After locating the line with "DEFACTO Slim Fit" in the entries below, output it and each following line up to and including the line with "3 Bowl Relish Dish with Tray - Gold", exactly and without pictures.

** Data under study **
"""
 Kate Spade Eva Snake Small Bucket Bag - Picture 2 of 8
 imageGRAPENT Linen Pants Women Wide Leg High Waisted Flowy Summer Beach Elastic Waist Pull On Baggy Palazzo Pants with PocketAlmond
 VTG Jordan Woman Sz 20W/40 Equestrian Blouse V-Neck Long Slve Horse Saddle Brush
"""
"""
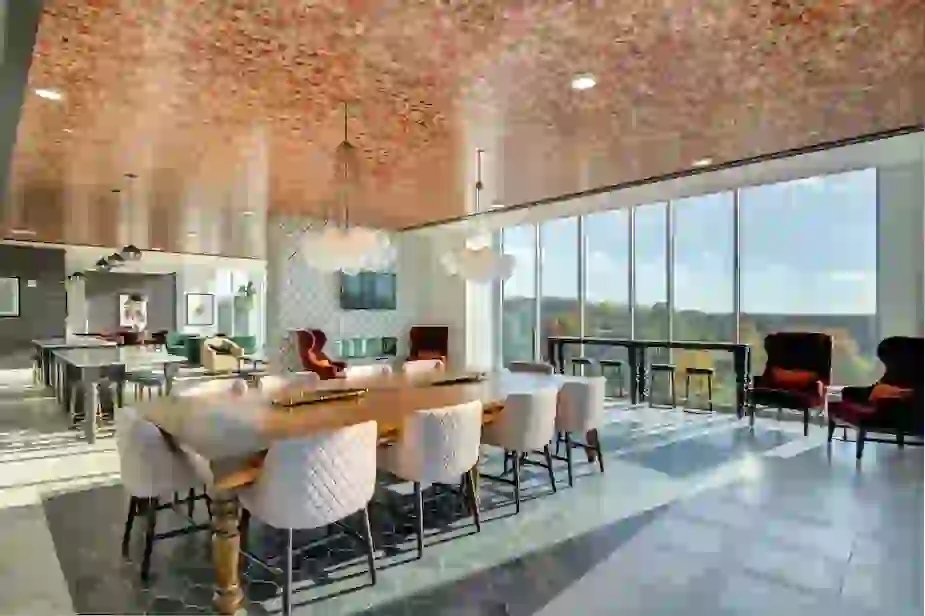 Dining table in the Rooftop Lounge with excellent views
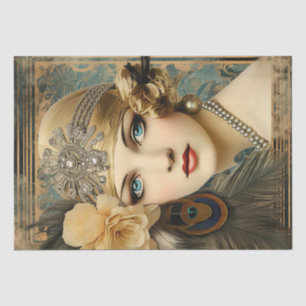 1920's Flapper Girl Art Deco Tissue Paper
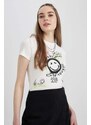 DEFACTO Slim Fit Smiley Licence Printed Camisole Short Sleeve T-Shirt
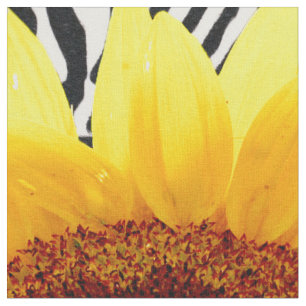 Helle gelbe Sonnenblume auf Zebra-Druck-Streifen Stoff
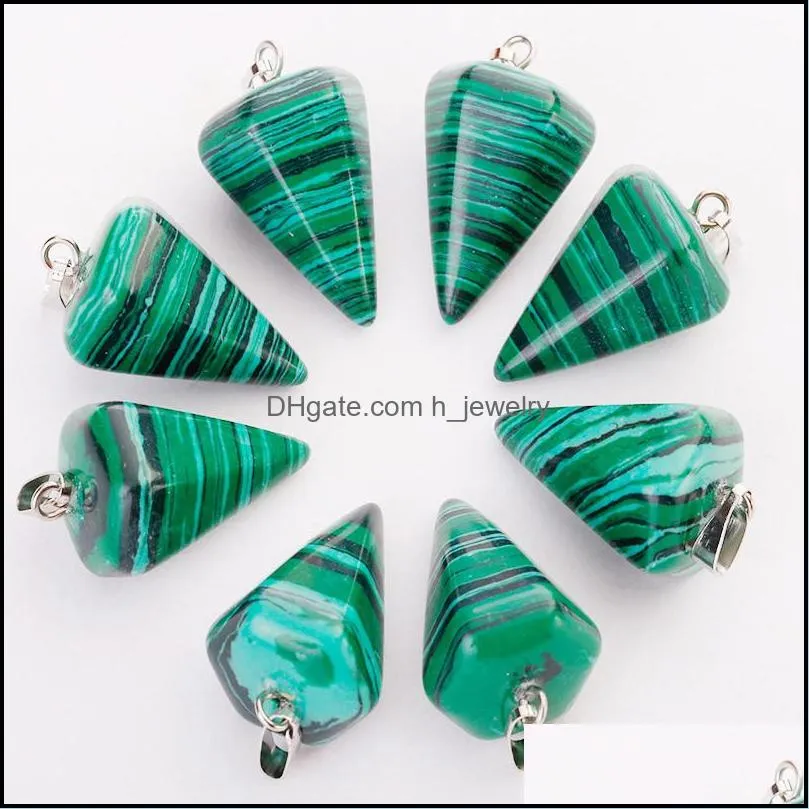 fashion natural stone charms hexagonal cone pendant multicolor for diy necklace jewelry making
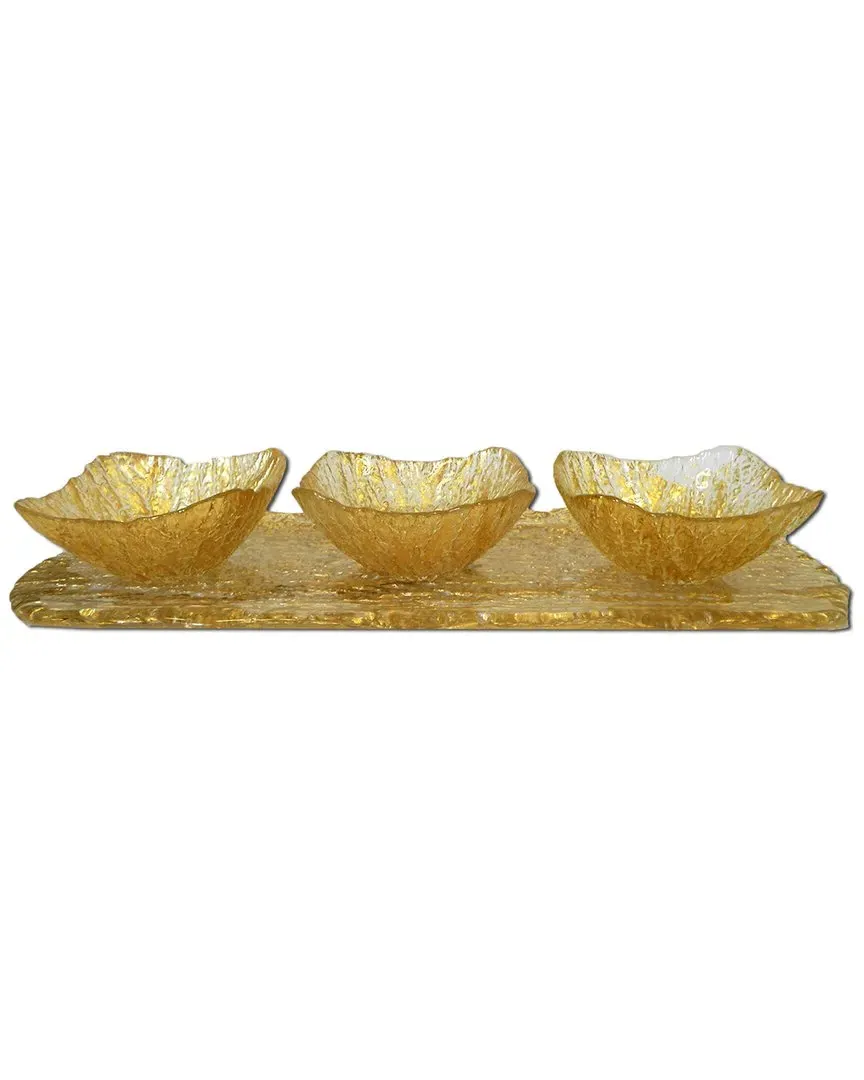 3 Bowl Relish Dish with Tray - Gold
"""
** Worked solution **
 DEFACTO Slim Fit Smiley Licence Printed Camisole Short Sleeve T-Shirt
 Helle gelbe Sonnenblume auf Zebra-Druck-Streifen Stoff
 fashion natural stone charms hexagonal cone pendant multicolor for diy necklace jewelry making
 3 Bowl Relish Dish with Tray - Gold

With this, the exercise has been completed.